The exact value depends on the formulation of the resin. At increasing frequency (from 1 to 13.56 MHz), relative dielectric constant drops a bit, just a guess, think of about 5%. If the dielectric constant is really that important for you, you need to consult your supplier and make sure you get same material every time.
The drop-off rate changes for various materials, but you can sometimes find charts with that information.
Take a look at the chart on page 3: www.speedingedge.com/PDF-Files/tutorial.pdf
Most of the FR-4 you get at PCB houses is around 4.2-4.9, due to variations in FR-4 and resin percentage and composition. Start with 4.7 and make your design from there. If this is just a class project, don't get too wound up about Er accuracy... you're probably not going to spend days and days running 3D EM analysis to perfect your design for a mass-market environment. Pick a reasonable value and run with it.
These 13MHz "antennas" on PCB are more or less inductors, with inductive near field coupling. They are designed/calculated like other printed regular inductors, and the dielectric constant of the PCB has little effect. If you don't trust this statement, you can verify this by full EM simulation.
Yes. At best, it plays a minor role when tuning the resonant circuit. Capacitor tolerance contribution will be most likely higher. 13.56 MHz Er is effectively equal to 1 MHz value. As said generic FR-4 specifications are rather loose. Critical RF applications (at higher frequencies than 13.56 MHz) are prescribing a more tightly specified substrate or adjusting the design for empirical determined substrate parameters.

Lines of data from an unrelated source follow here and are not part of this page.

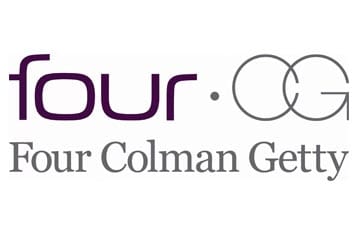 Logo Four Colman Getty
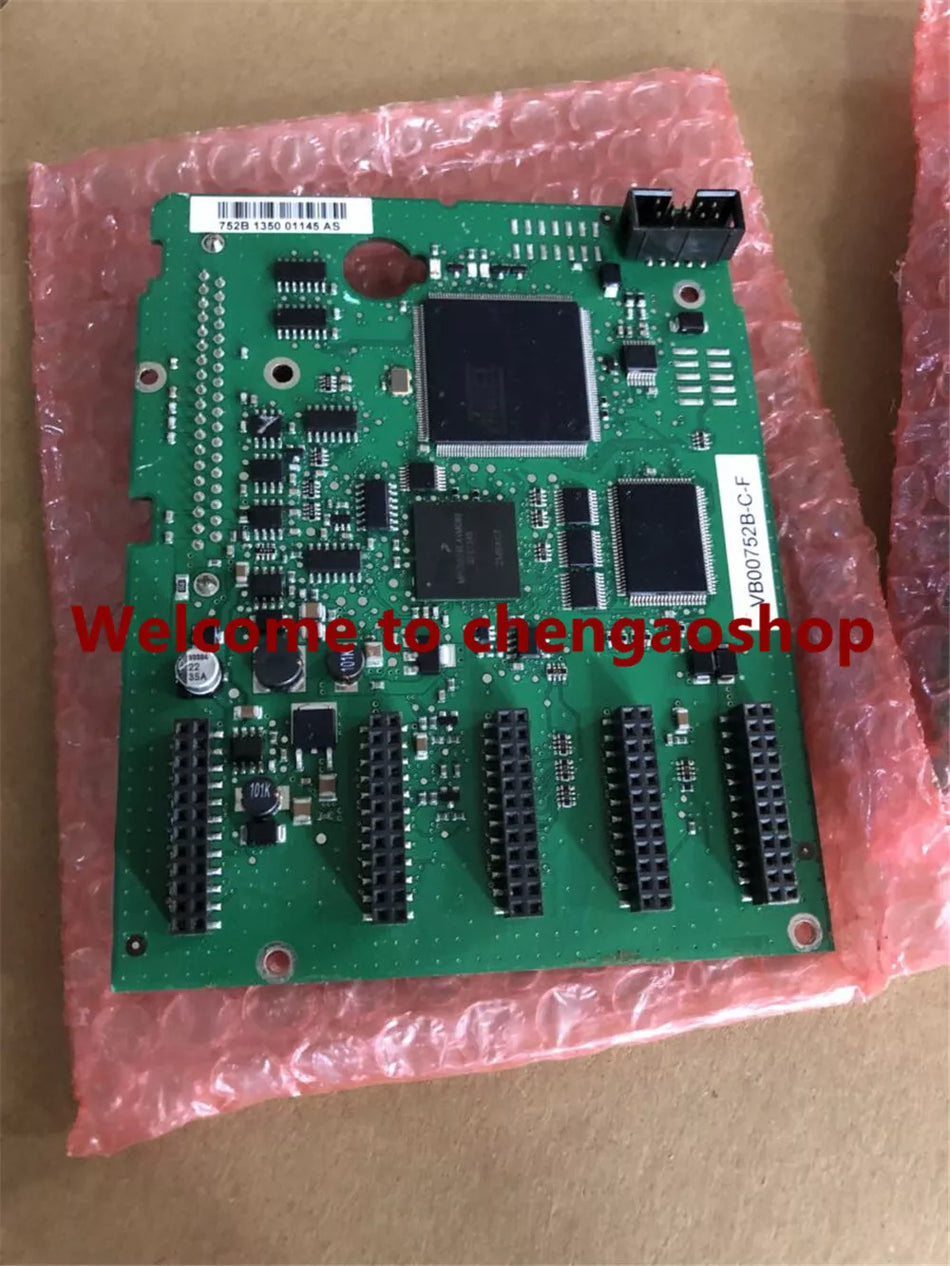 1PCS USED FOR VB00752B-C-F 90days warranty #T65K YS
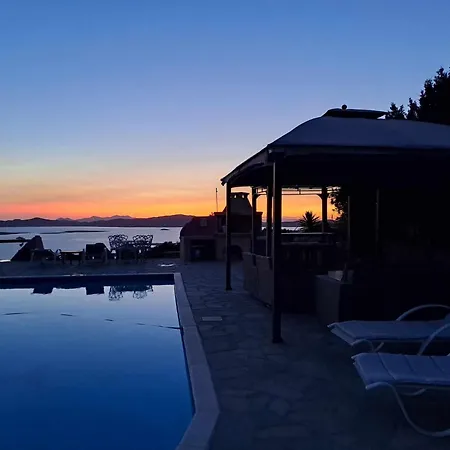 Appartement Dorothea Panoramic Nisoi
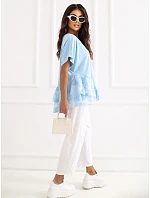 Bluzka IT BZ model 22084255 jasny niebieski - FPrice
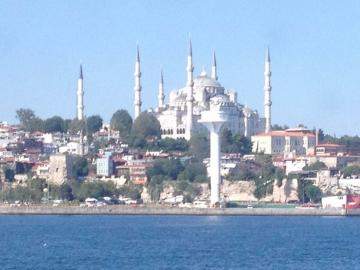 Istanbul, fiel ich in dich verliebt! (Reise nach Istanbul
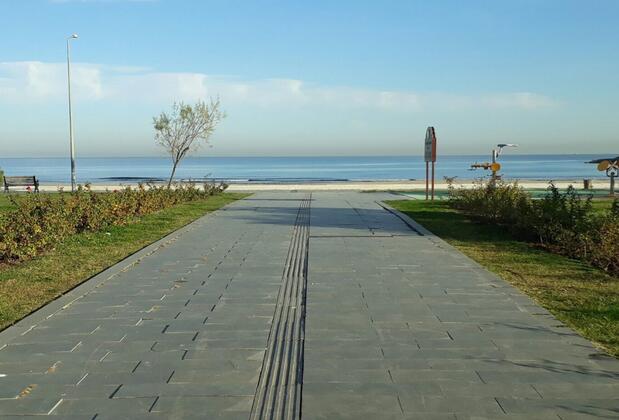 Sea House Residans Otel - Görsel 14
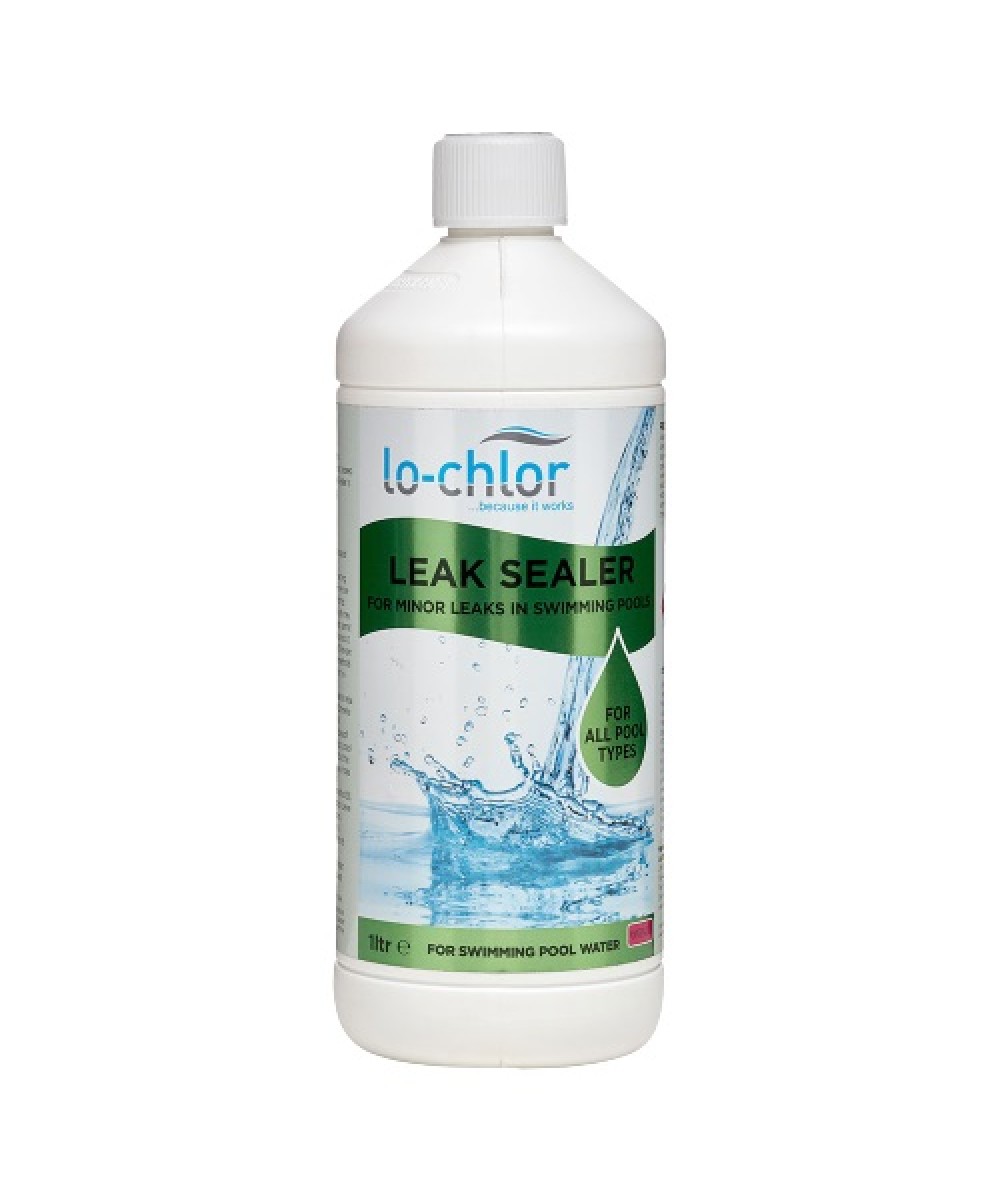 Preparat Leak Sealer pentru sigilarea fisurilor | Lo-Chlor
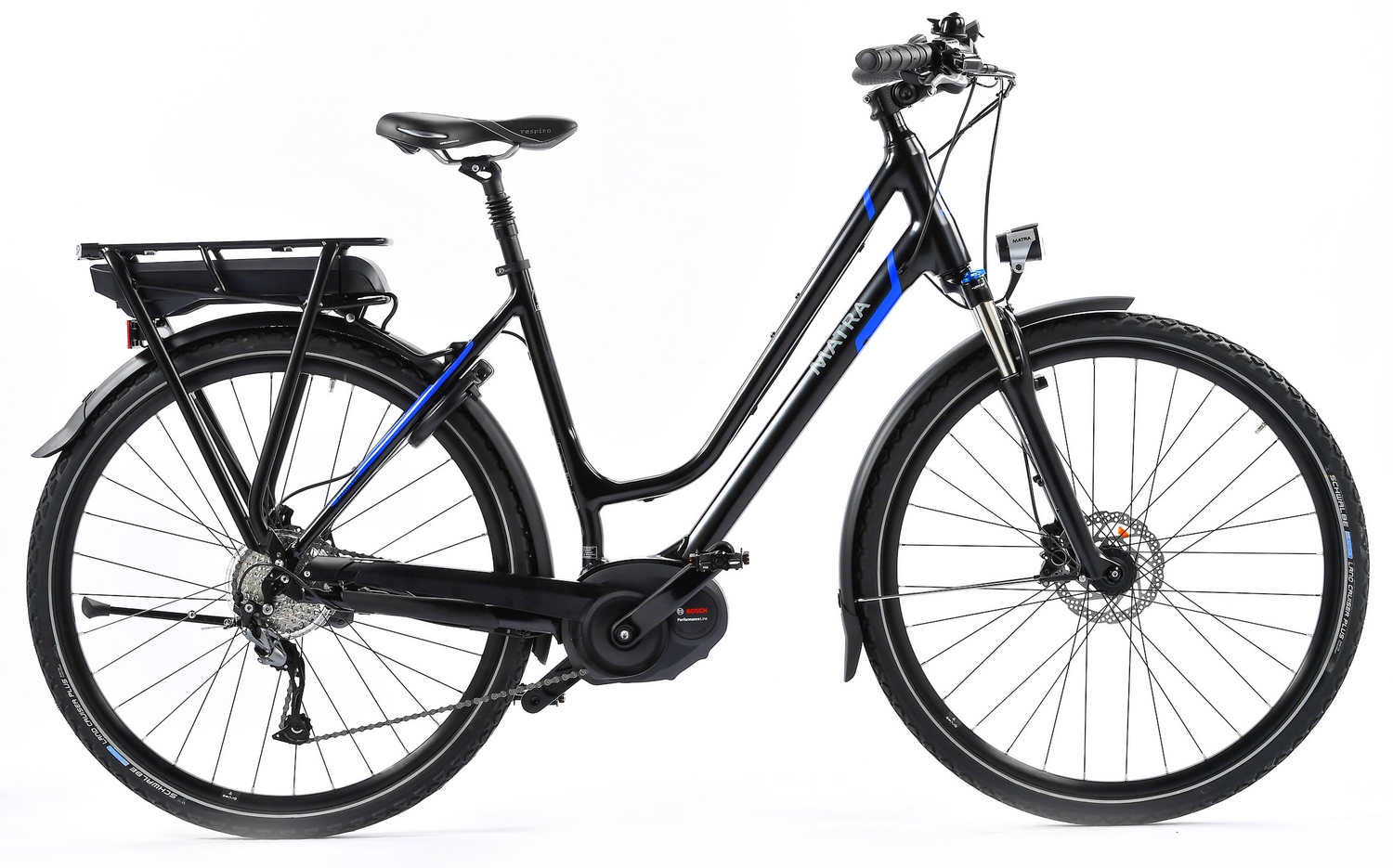 Velo electrique matra bosch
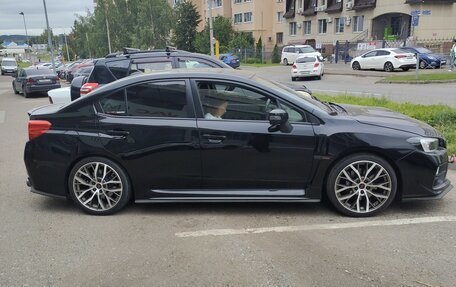 Subaru WRX I рестайлинг, 2015 год, 1 900 000 рублей, 1 фотография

Most 13.56 MHz RFID antenna designs have the E-field between the turns mostly in air. In that case influence of dielectric is less then capacitor tolerance, so I agree with FVM.
I saw some designs where both upper and bottom layer have turns facing each other. In that case change in dielectric constant may detune narrow band antennas (low data rate) too much. So best is to post your proposed geometry, or do some simulation and play with er to find the effect on center frequency.